The router menus will vary from manufacturer to manufacturer, but there should be some common features such as:
- Setting the SSID
- Setting the password
- Setting the wireless channel
- Enabling or Disabling WEP encryption and setting the level of encryption (i.e. 64 or 128-bit)
- Generate or enter WEP encryption key
- Restricting access by MAC address
- Assigning IP addresses or an address range
- Setting the local IP address range
- Setting the Wide Area Network address or automatically obtaining one
- Other enhanced security features may include:
- Enabling or disabling broadcast of the SSID
- Enabling WPA encryption
Security Tip: While most routers and access points require configuring through a physical cable connection, some will allow you access to the setup menus through the wireless connection.
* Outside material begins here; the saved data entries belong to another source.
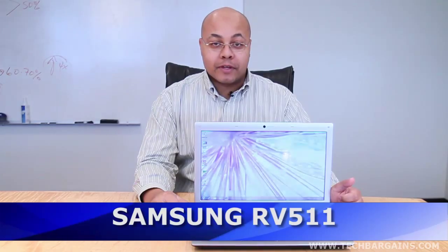Hi, I'm Jeff Haynes, editor at TechBargains, and today we're bringing you a video review of the Samsung RV511.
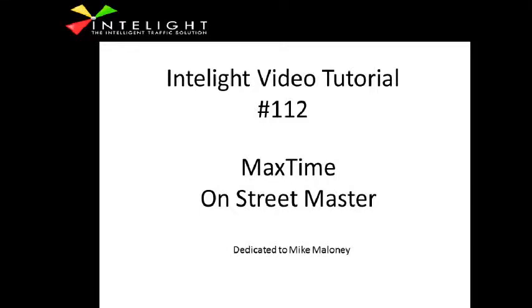Welcome to Intellect Tutorial 112. This tutorial will show you how to program an on-street master inside MaxTime software. All our controllers are combo units. They're both a local controller and a master controller. You simply go to any of our controllers and you program it to broadcast patterns and time syncs to the subordinate intersections.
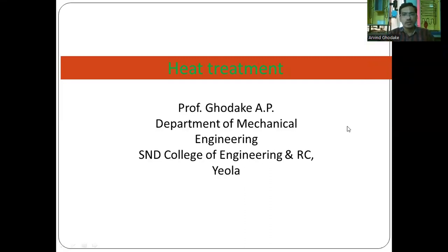Welcome to Engineering, Materials and Metallurgy. Today we will discuss about the heat treatment of steel. I am Professor A.P. Godke, Assistant Professor in the Department of Mechanical Engineering of S&D College of Engineering and Resource Center.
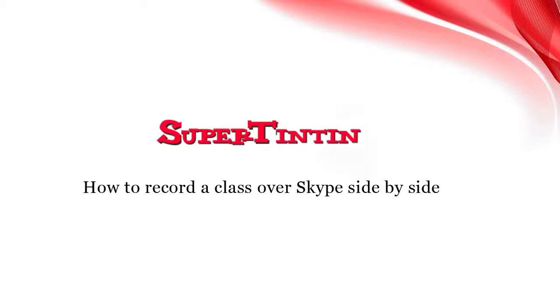Welcome to the Super 1010 tutorial. Today we will be going over how to record a Skype class using Super 1010 to create a side-by-side file.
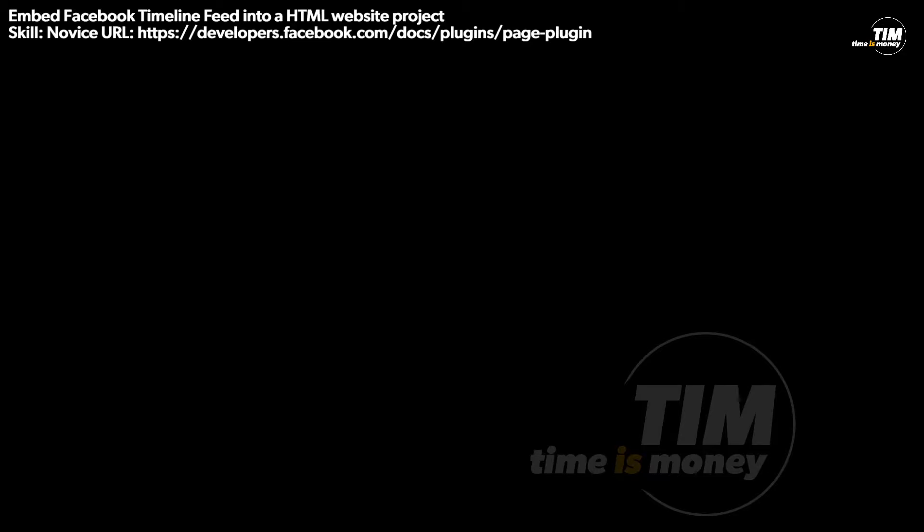Hi, I'm Paul and I'm going to show you how to embed a Facebook timeline feed into an HTML website project.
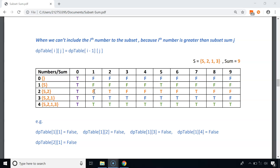Similarly, for the third row, we also consider the number 2. Since 2 is greater than 1, the value in that cell is copied from the cell above, so dp[2][1] will be false.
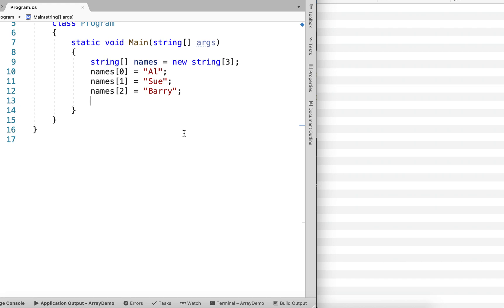Okay, in this video we'll take a look at using a for loop to process each element in the array.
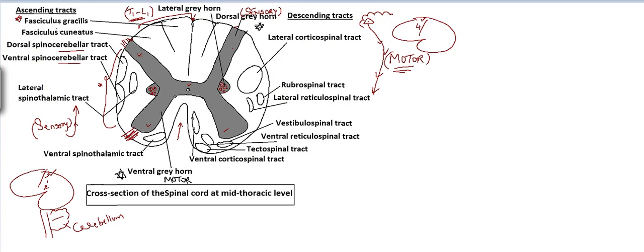Ascending tracts: The fasciculus gracilis carries tactile localization, tactile discrimination, stereognosis, position sense, and graphesthesia from the lower half of the body and lower limbs. The same sensations from the upper half of the body and upper limbs are carried by the fasciculus cuneatus. Together they are called the posterior column tract because they are present in the posterior column of the spinal cord.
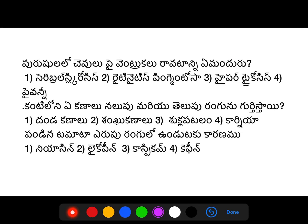Hi viewers, welcome to JRS Learn Life Sciences. In this video, we will discuss important questions and answers. We will discuss the first question.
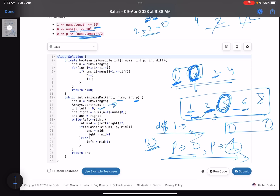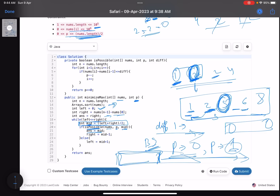Sort the array. Left equals zero — the minimum difference you can have. Right equals nums[last] minus nums[0] — the maximum. Initialize your answer with the maximum value. While left is less than or equal to right, find mid — the current difference you want to test. Call a function isPossible, passing nums, p, and the difference mid. If it returns true, update your answer and shrink the window to the left: right equals mid minus one. Otherwise, left equals mid plus one. Finally return your answer.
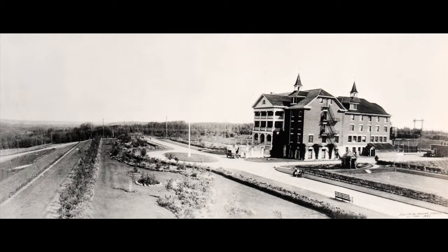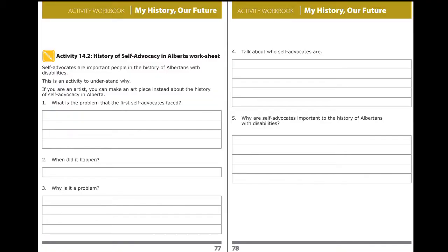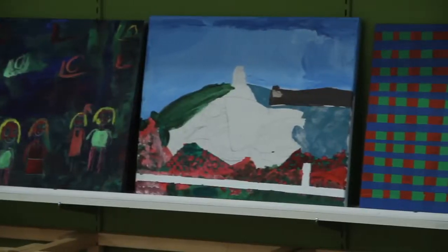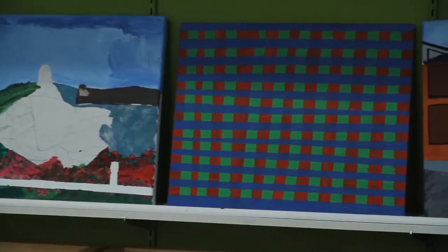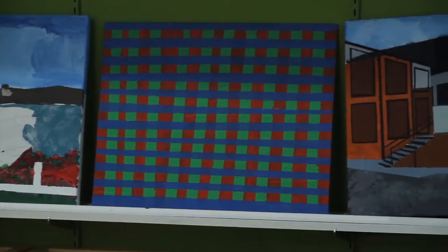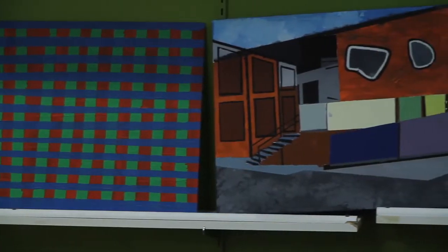Help your friend to learn about the history of people with disabilities in Alberta. Use your Life in Institutions, Leilani Muir's story, Winifred Stewart and Christine Meikle's story, Life in the Community, and History of Self-Advocacy in Alberta worksheets to describe different times and people in history. Take your friend to an arts event like an art show, dance performance, or play. In Unit 17, you'll learn about some of the different disability or mixed-ability arts groups in Alberta.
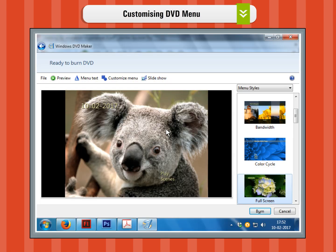Customizing DVD menu. Step 1. On the right pane of the ready to burn DVD window, you have multiple menu styles that you can choose from.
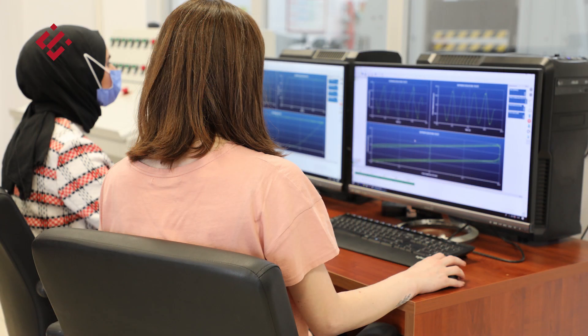Üniversite-sanayi işbirliğine dayanan projelerle çok sayıda araştırmanın yürütüldüğü laboratuvarımızda lisansüstü seviyede bursiyel olarak görev yapan araştırmacıların yetiştirilmesine de katkı sağlanmaktadır. Deprem sırasında ve sonrasında hayatımıza sanki hiçbir şey olmamış gibi devam etmek istiyorsak, çözüm olarak mutlaka sismik izorasyon yöntemini dikkate almalıyız.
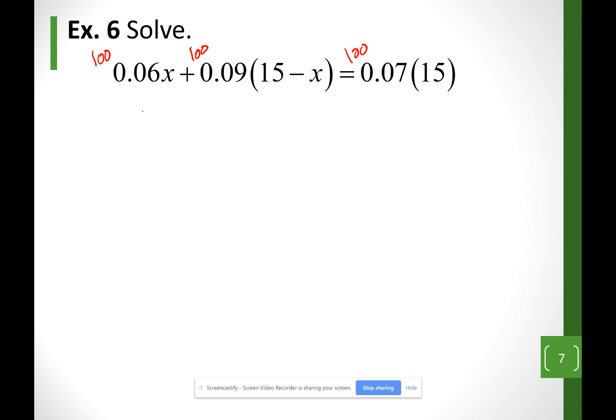So once again here, moving the decimal twice, I'm going to have 6x plus 9 times 15 minus x.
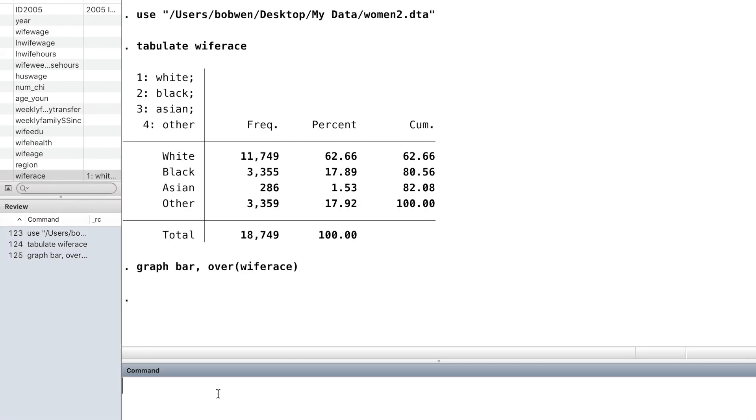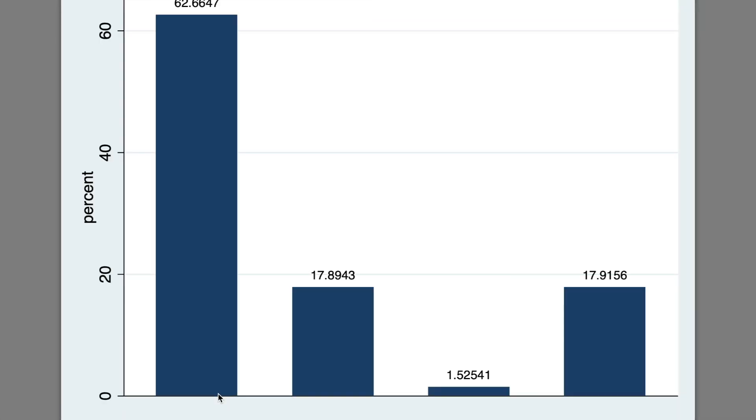The option blabel adds a label on top of each bar. It's the percentage of the sample that belongs to each category.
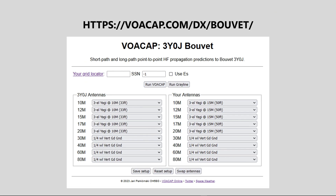Let's go to the special propagation prediction site. It's located at voacap.com/dx/bouvet. First, enter your six-character grid locator. If you don't know your locator, click the grid locator link to find it. Then enter the sunspot number you want to use. If you keep the value of minus one, the predicted value will be used — it will be around 70. Then select your antennas band by band; make the selection as realistic as possible. Now you are ready to run the prediction. Click the button labeled Run VOACAP and wait for the results — it will take a few moments.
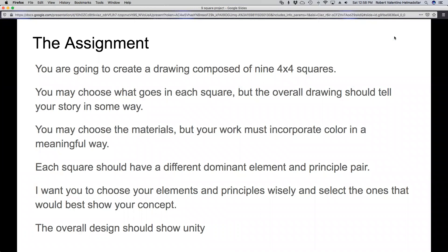The basic assignment is that you are going to be creating a drawing composed of nine four-by-four squares. You can choose what goes into each square, but the overall drawing should tell your story in some way. You may choose the materials to work with, but your work must incorporate color in a meaningful way. Each square of your design should have a different dominant element and principle pair, so it should be different from all of the other element and principle pairs in the whole drawing.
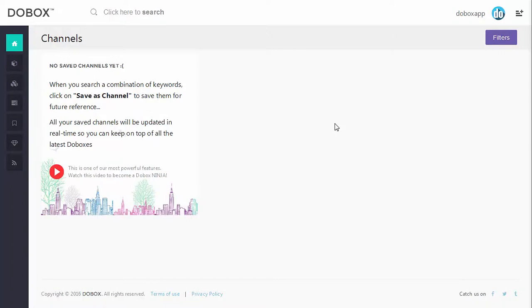With channels, you can make dewbox be whatever you want it to be for you. Enough of this speech, let me just show you.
For this reason, you should make it a point to change both the name (SSID) and password for your router as the first order of business. Changing the name (SSID) helps identify your specific network, which is more of an issue if there are multiple Wireless networks in your business or immediate neighborhood. Changing the password helps prevent someone from granting themselves access to your network, changing your router settings, or worst-case, locking you out of your own equipment.
Setup Tip: WEP encryption codes can be entered as a hexadecimal string (numbers 0-9 letters a-f), or generated with a text-based pass-phrase. (The pass-phrase is used to create the hexadecimal string.) If the method to generate the string is not consistent between your different clients, you may need to copy the resulting hexadecimal string from one device and then paste or manually enter it into the rest of the network configuration boxes.
- Type your text string to generate the key on the first system
- Click on manual key to switch to the resulting hexadecimal code
- Copy this to a text file
- Cancel the WEP change (remember that your network is still insecure at this point)
- Save the text file to your shared folder where the other user can get it over the network
- Re-enable the WEP security on the both systems and the router, using the manual configuration with the same key you generated.
Windows XP Service Pack 2 Feature: The new Wireless Networking Wizard that is part of Windows XP Service Pack 2 includes a method of saving this configuration detail to a USB flash drive (or other storage media) to transfer the necessary settings to other XP SP2 systems.
Additional comments: Hiding your SSID can minimize unauthorized access to your router, but will not prevent it. Programs that monitor the data passing between your system and the router and can easily identify the SSID. Depending on your network settings, your system may be "searching" for the connection even when you are not nearby, transmitting this information even when you are not connected. Your system broadcasts the network SSID whenever you have your wireless configuration set to "connect, even when not in range."
WEP is considered to be a very simple, easy to break encryption. Computers using the appropriate (hacker) programs can break WEP security in just a few hours. WPK and other security protocols offer stronger protection, but whatever method you choose, all of your devices must support it. If you are mixing old and new computers, phones, or other wireless enabled devices, you may have no choice but to use one of the older, more vulnerable encryption modes. While this is better than not using any security, this would never be recommended for any business, or where you might be passing sensitive customer or credit information between wireless systems or exposing data files on the network. Failure to secure your customer information could expose you and your company not just to hackers, but to federal penalties as well.